Write out the data below in full, unchanged, minus the images.

§ **Data provided**:
————————

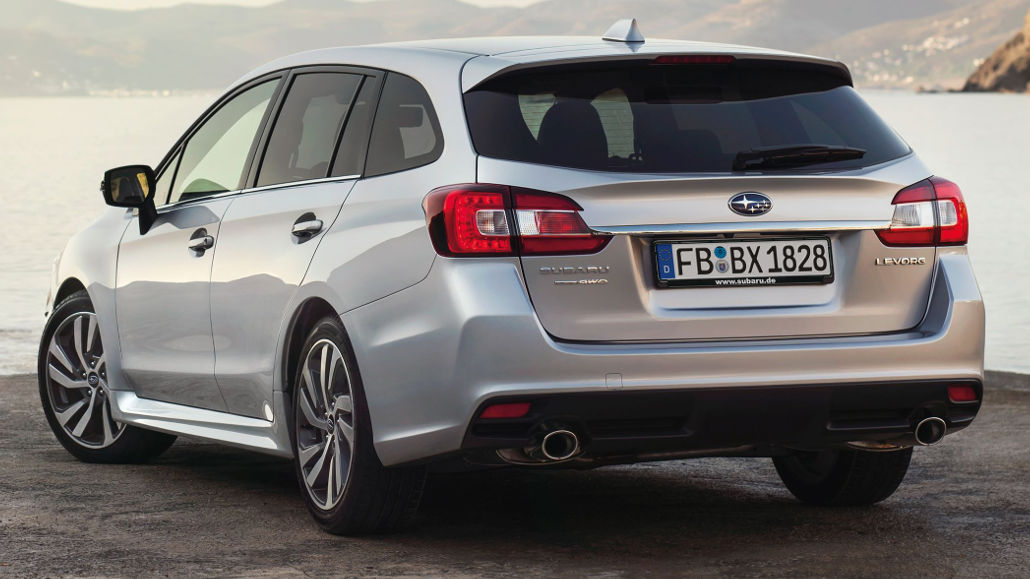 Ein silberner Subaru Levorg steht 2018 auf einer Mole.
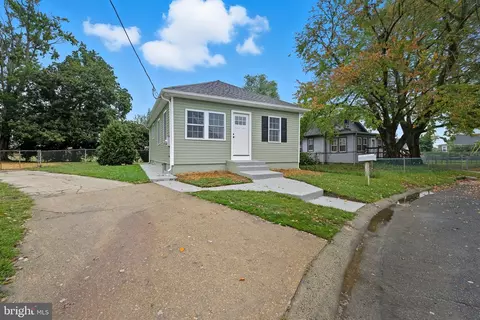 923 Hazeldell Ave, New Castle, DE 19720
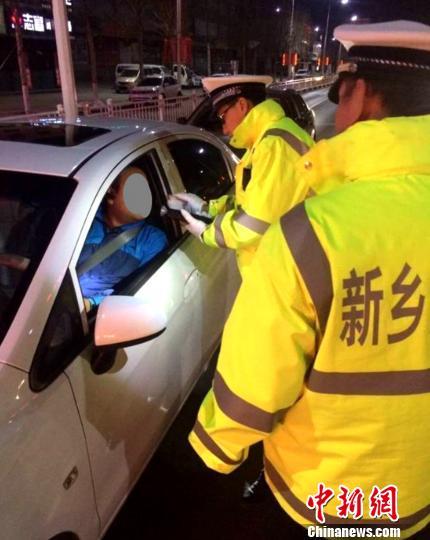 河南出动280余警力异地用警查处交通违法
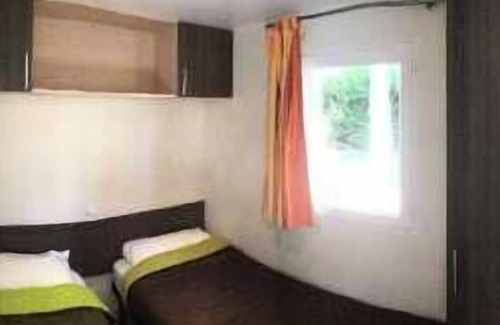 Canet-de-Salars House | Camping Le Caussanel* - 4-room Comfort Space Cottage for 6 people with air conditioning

————————

§ **Answer section**:
 Ein silberner Subaru Levorg steht 2018 auf einer Mole.
 923 Hazeldell Ave, New Castle, DE 19720
 河南出动280余警力异地用警查处交通违法
 Canet-de-Salars House | Camping Le Caussanel* - 4-room Comfort Space Cottage for 6 people with air conditioning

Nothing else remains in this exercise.